What to do >>
Return all of the entries word for word, but omit the pictures they contain.

Data to examine >>
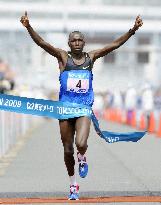 Kenya's Kipsang wins men's race of Tokyo Marathon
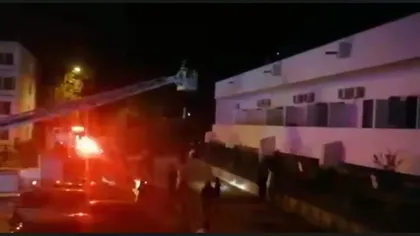 Incendiu puternic la un hotel din Eforie Sud. 16 persoane, dintre care cinci copii, coborâte de pe acoperişul clădirii VIDEO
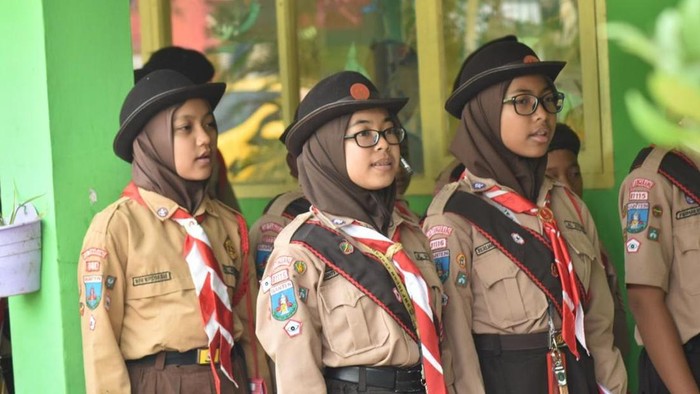 baju pramuka anak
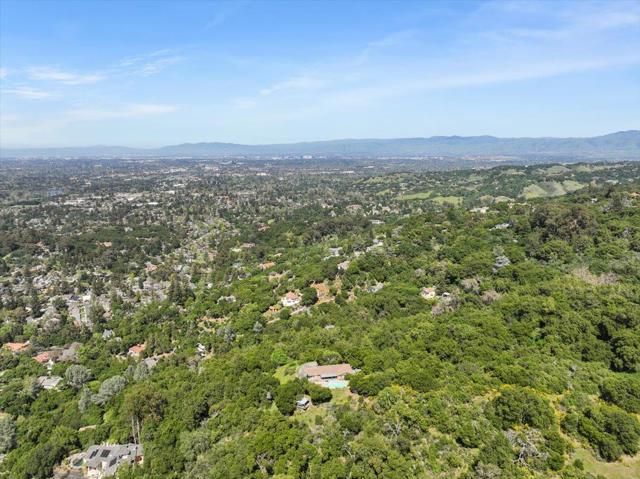 16870 Quarry Road, Los Gatos CA: https://media.crmls.org/mediaz/ac81b237-8c1d-4bcd-9603-33e7f92dca70.jpg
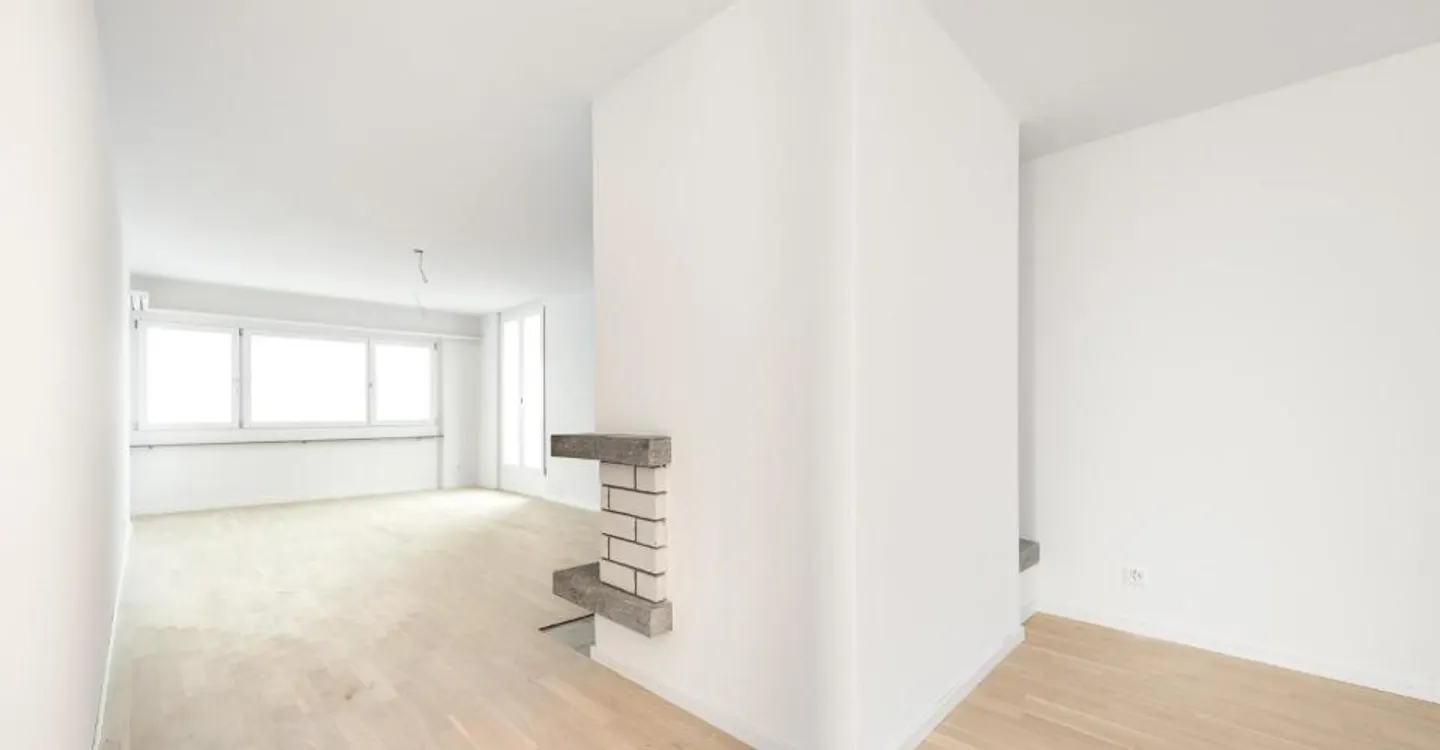 Freshly Renovated - Preferred Residential Area - Great View - Your New Home? - Photo 3 of 10
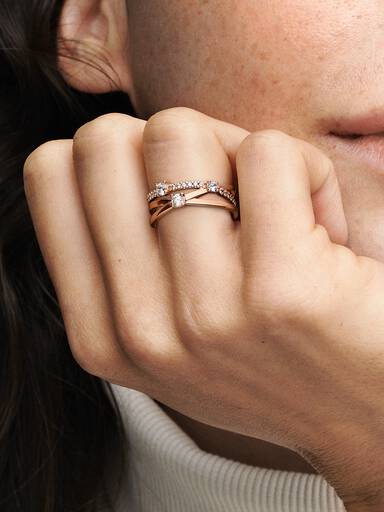 Anillo Banda triple resplandeciente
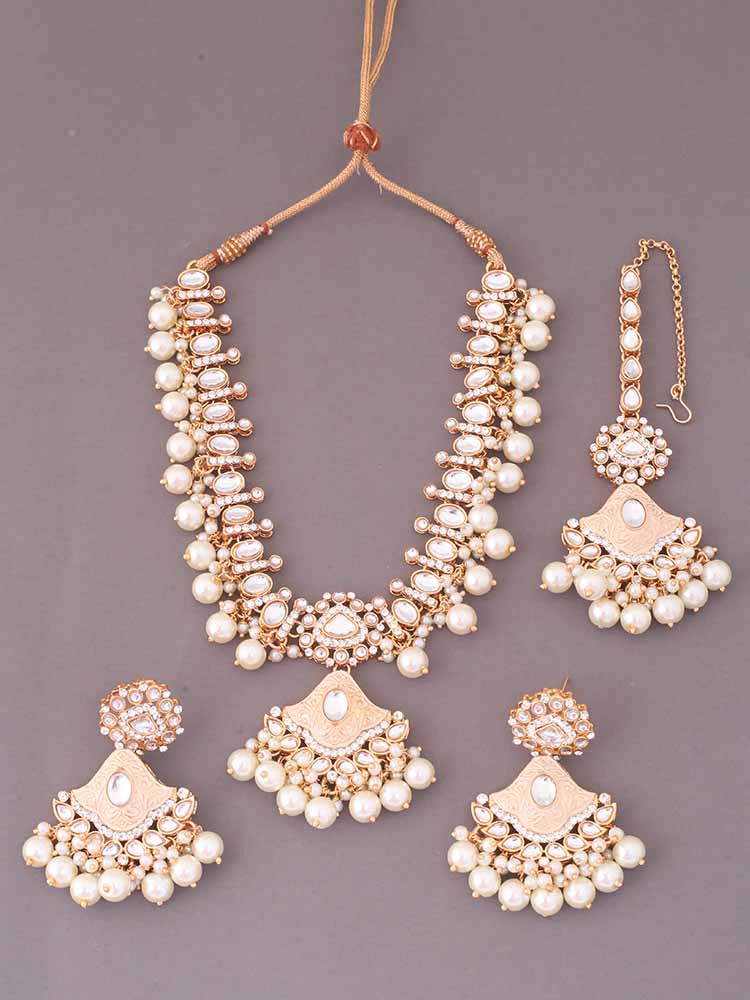 Ivory Cheshta Kundan Jewellery Set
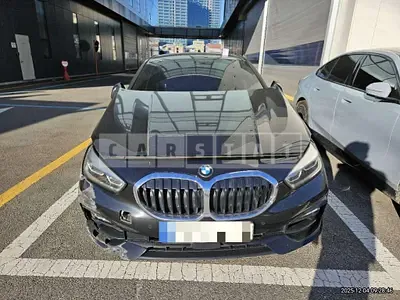 Photo 1 of 8: 2022 BMW 120i — Korean insurance auction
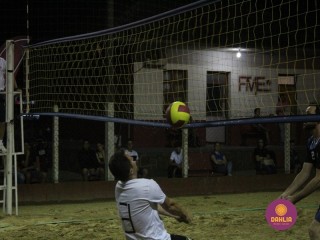 
<a style='margin-left: 5px;' class='btn btn-xs btn-social btn-facebook' href='https://www.facebook.com/sharer/sharer.php?u=https://www.boladovale.com.br/imgs/800-800-90/conteudo/fotos/1522/img9007.jpg' rel='popup' data-width='500' data-height='400'><i class='fa fa-facebook'></i>Compartilhar <span class='hidden-xs'>no Facebook</span>
</a> 
<a class='btn btn-default btn-xs' target='_blank' href='imgs/800-800-90/conteudo/fotos/1522/img9007.jpg'>
<span class='glyphicon glyphicon-cloud-download'></span> Salvar
</a> 
<span></span>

The completed task >>
 Kenya's Kipsang wins men's race of Tokyo Marathon
 Incendiu puternic la un hotel din Eforie Sud. 16 persoane, dintre care cinci copii, coborâte de pe acoperişul clădirii VIDEO
 baju pramuka anak
 16870 Quarry Road, Los Gatos CA: https://media.crmls.org/mediaz/ac81b237-8c1d-4bcd-9603-33e7f92dca70.jpg
 Freshly Renovated - Preferred Residential Area - Great View - Your New Home? - Photo 3 of 10
 Anillo Banda triple resplandeciente
 Ivory Cheshta Kundan Jewellery Set
 Photo 1 of 8: 2022 BMW 120i — Korean insurance auction
<a style='margin-left: 5px;' class='btn btn-xs btn-social btn-facebook' href='https://www.facebook.com/sharer/sharer.php?u=https://www.boladovale.com.br/imgs/800-800-90/conteudo/fotos/1522/img9007.jpg' rel='popup' data-width='500' data-height='400'><i class='fa fa-facebook'></i>Compartilhar <span class='hidden-xs'>no Facebook</span>
</a> 
<a class='btn btn-default btn-xs' target='_blank' href='imgs/800-800-90/conteudo/fotos/1522/img9007.jpg'>
<span class='glyphicon glyphicon-cloud-download'></span> Salvar
</a> 
<span></span>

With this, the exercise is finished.